With a shudder, Anna realized that the place card–moving culprit was none other than the dreadful Dallas dressmaker who promoted her “own line” of evening gowns at every inappropriate opportunity. Anna edged closer to the distant corner of the dining room, where Lanuit had ended up stranded. She looked on politely as Dallas scrolled through images on her phone, pointing out design details with hot-pink endless nails, forcing a response to each: “We have this lace handmade in Spain. You been to Spain?” Lanuit smiled tightly. Nothing to be done about it now. Anna sighed to herself. Max laid eyes on Anna and bulleted over.

“First of all, it’s hot in here.”

“Phil’s working on it.”

“Can’t we just open the windows?”

“Apparently, that would trigger the heat, and it would be like an oven.” She remembered only snippets of what Phil had said; something about the sensors in the wrong place, and he didn’t have time to move them . . . Anna wiped the back of her neck with her sleeve.

“OK, well, I went over the speech with Kissy again. Should be super brief. Like five sentences. Wait, why’s Vivienne all the way over there?”

“Place card switcher from Dallas.”

“Shit,” Max said. They surveyed the dining room together. The ten-vegetable salads enjoyed the usual picking over while the servers spent all their energy aggressively refilling everyone’s wine. Was the room getting warmer still, were guests getting drunker, or was Anna herself just growing more and more anxious to the point of sweating? Probably all of the above. Across the room by the kitchen door, poor Julie looked like she might melt.

Another glass shattered on the ground, and this time a drunken nasal voice shouted, “It’s a party!”

“Something seems a little weird, right?” Max said. “A little . . . off.” He went to open the front double doors to let a little air in, but the breeze only triggered the heating system to kick up. Anna could feel hot air blowing from a nearby vent. And where was the rest of the food?
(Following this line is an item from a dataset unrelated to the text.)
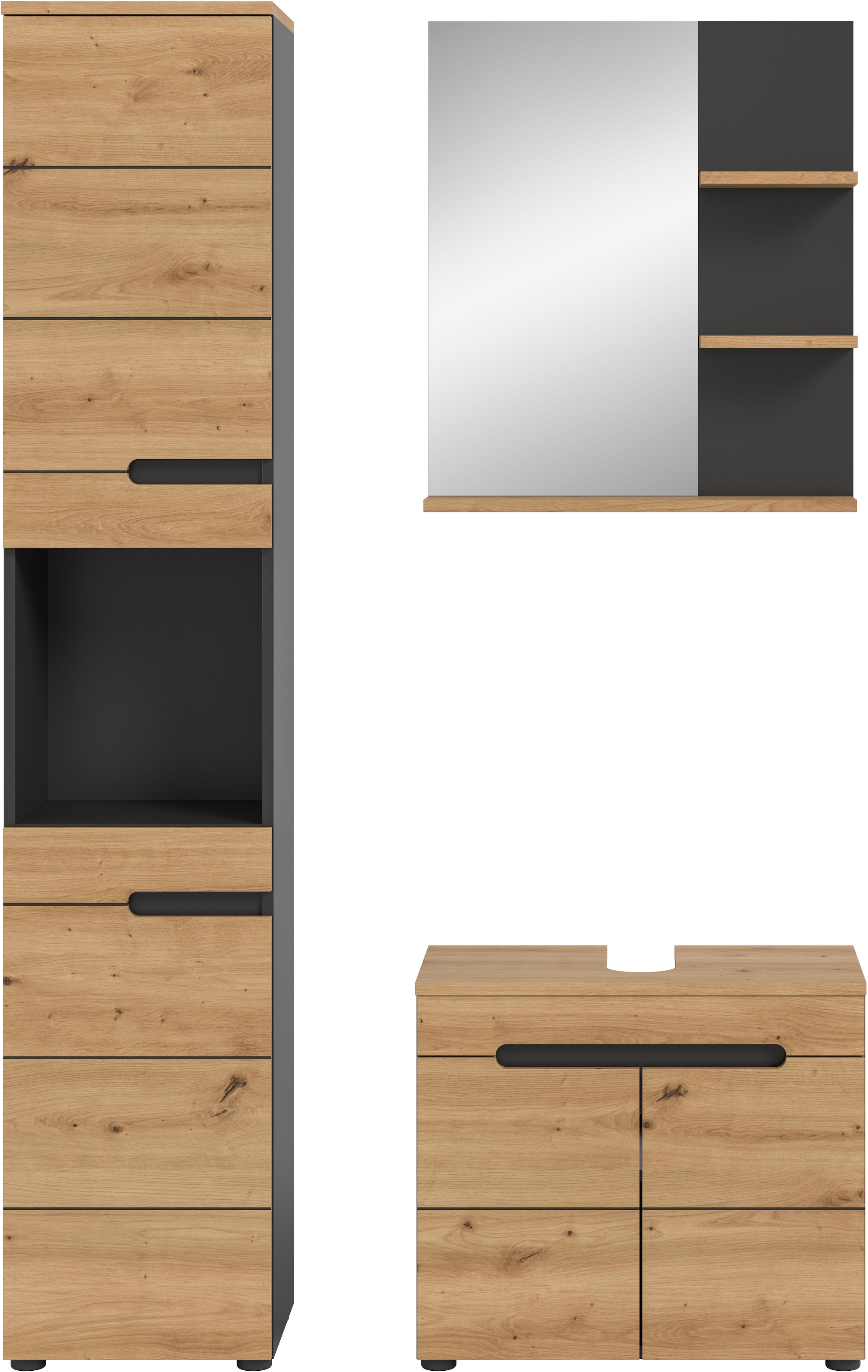 INOSIGN Badmöbel-Set »REHAT, 3-teilig, Breite 116 cm, mit grifflosen Fronten, bestehend aus:«, (3 St.), 1x Hochschrank, 1x Waschbeckenunterschrank & 1x Badspiegel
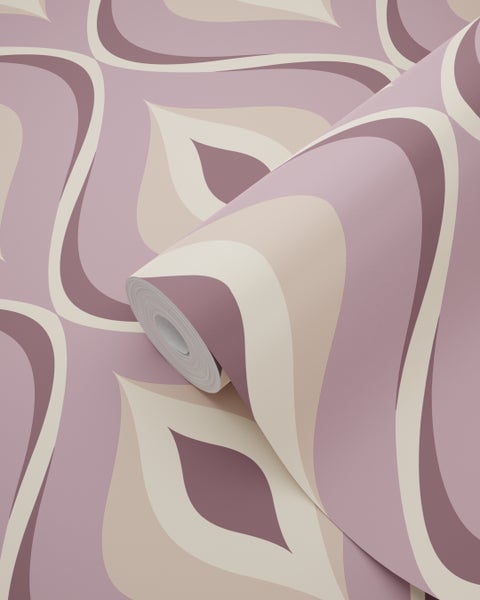 ESTAhome Tapete Retro-Ornamente Violett - 50 x 900 cm - 130988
Keeping a tight smile carefully plastered on her face, Anna traversed the great room and its many tables of increasingly raucous women to the kitchen, where she found a half dozen servers all waiting with two dozen plates of side dishes under warmers and no Chef in sight. She caught a glimpse of the buzzed back side of her head over the grill out the back door, which Anna quickly banged through.

“What the?”

“Phil says I can’t use the oven,” Chef said. “Something about the climate . . .”

“Will that feed everyone?” Anna asked, gesturing at about twenty-five large chicken breasts.

“What else can we do?”

Anna rushed back inside to tell Julie, who looked like she might actually burst into tears or throw up at any moment.
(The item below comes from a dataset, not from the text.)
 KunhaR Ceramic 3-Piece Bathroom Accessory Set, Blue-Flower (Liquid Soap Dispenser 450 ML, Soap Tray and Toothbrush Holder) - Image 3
“Are you OK?” Anna whispered.

“Yes, just . . . I’ll just resign, OK? You don’t have to worry. I’ll just quit.” Oh, boy, was this heatstroke? A regular stroke? A psychotic break?

“What are you talking about?” Anna said, truly panicked.

Julie lifted a wine bottle out of the ice bucket. The label read VIDA. “I ordered the wrong wine,” she said.

“Not the . . .”

“Grain alcohol.”

“Fuuuuuuuuuuuuuck,” Anna said as quietly as possible, her mind racing ahead. It was way, way, way too far along to do anything about it.

“I’m so sorry!” Julie whispered, sweaty and wild eyed.

Anna surveyed the room, the flushed faces, the women laughing so hard they couldn’t breathe, others looking like they might be starting not to feel so well, and Mrs. Von Bizmark, never one to wait patiently, at that very moment rising unsteadily to her feet to make her speech. Under any set of circumstances, traversing this tight space would prove challenging. Given that she was probably very drunk along with everyone else in the room, Mrs. Von Bizmark’s approach of the microphone was shaky at best. She gripped the back of friends’ chairs and their shoulders, taking care to avoid legs, feet, and bags.